Reforms in the banking sector and tightening of processes would prevent a repeat of a fraud that is unparalleled in the Indian banking history
Billionaire jeweller Nirav Modi, whose properties are being searched after Punjab National Bank reported a massive fraud of Rs 11,000 crore, is a good reason why banking reforms need to be urgently carried out.
Top Reserve Bank of India officials have been repeatedly stressing on the need to have reforms in the public sector banks which are currently weighed down by Non-Performing Assets.
Reserve Bank of India Governor Urjit Patel said on April 25 last year that the Indian banking system could be better off if some public sector banks are consolidated to have fewer but healthier entities, as it would help in dealing with the problem of stressed assets.
“As many have pointed out, it is not clear that we need so many public sector banks. The system could be better off if they are consolidated into fewer but healthier banks,” Patel said while delivering the Kotak Family Distinguished Lecture at Columbia University, reported The Hindu.
Patel said that “some banks can be merged, as a quid pro quo for timely government technical injection”.
Months later on December 7, Patel said that the recapitalisation package for public sector banks will not only be linked to their capital requirements, but also on their reforms initiatives to ensure the funds are not used to sow the seeds of next “boom and bust cycle of lending”.
The central bank is working with the government to finalise the recapitalisation plan, the livemint quoted him as saying.
Finance minister Arun Jaitley last year announced an unprecedented Rs2.11 trillion PSU bank recapitalisation plan to strengthen public sector banks.
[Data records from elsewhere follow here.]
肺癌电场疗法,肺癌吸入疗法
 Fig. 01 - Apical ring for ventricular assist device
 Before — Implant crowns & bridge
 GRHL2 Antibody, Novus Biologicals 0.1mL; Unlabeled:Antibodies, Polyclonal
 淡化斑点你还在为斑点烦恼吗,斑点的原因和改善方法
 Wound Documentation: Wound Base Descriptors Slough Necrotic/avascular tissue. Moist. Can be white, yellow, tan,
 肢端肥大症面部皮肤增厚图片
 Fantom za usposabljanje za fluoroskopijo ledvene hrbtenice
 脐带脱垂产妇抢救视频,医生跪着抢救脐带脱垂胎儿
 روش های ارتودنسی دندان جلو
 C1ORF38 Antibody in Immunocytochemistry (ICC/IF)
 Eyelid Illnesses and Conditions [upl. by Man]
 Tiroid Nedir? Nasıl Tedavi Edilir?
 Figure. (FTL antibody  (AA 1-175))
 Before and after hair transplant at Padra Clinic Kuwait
The plan includes recapitalisation bonds of Rs1.35 trillion.
In an important indication of what role the public sector banks should be playing, Viral Acharya, deputy governor RBI, said on April 28, 2017 that a bank should be something one can “bank” upon.
It is inspired by the real meaning behind banking upon something, a statement of credibility, of confidence, of trust – something that ideally a bank must earn over time by making prudent choices, he said.
Acharya explained that in essence, if an economic tsunami – like a massive house price crash or global economic collapse or underperformance in many industrial sectors – comes and hits the banking system, and it had chosen to remain heavily exposed to it by being on the shores, so that a large portion of its assets is deemed to be risky at once, then an unexpectedly large deposit withdrawal could be rather hard to meet for any bank.
“Worse, when this happens, if some depositors start being repaid by the bank, other depositors fear that bank liquidity is getting depleted and their savings might be at risk given the underlying assets are either not safe or not liquid enough in inter-bank markets. Now, these depositors may start demanding their deposits too. And a bank “run” starts. Fearing the asset-quality signal revealed by such a run at one bank, depositors could start running on other banks too, especially ones with similar assets and a full-fledged banking panic takes hold.”
When this happens, the entire banking system is at the risk of being disintermediated; payments and settlements of financial transactions can come to a standstill; banks have no capacity on balance-sheet to make new loans to new entrepreneurs, first-time home buyers and old families; the economic activity can come to a grinding halt. There are banks around, but no banking, the life-blood of the economy, to channel savings to productive uses and for job creation, he added.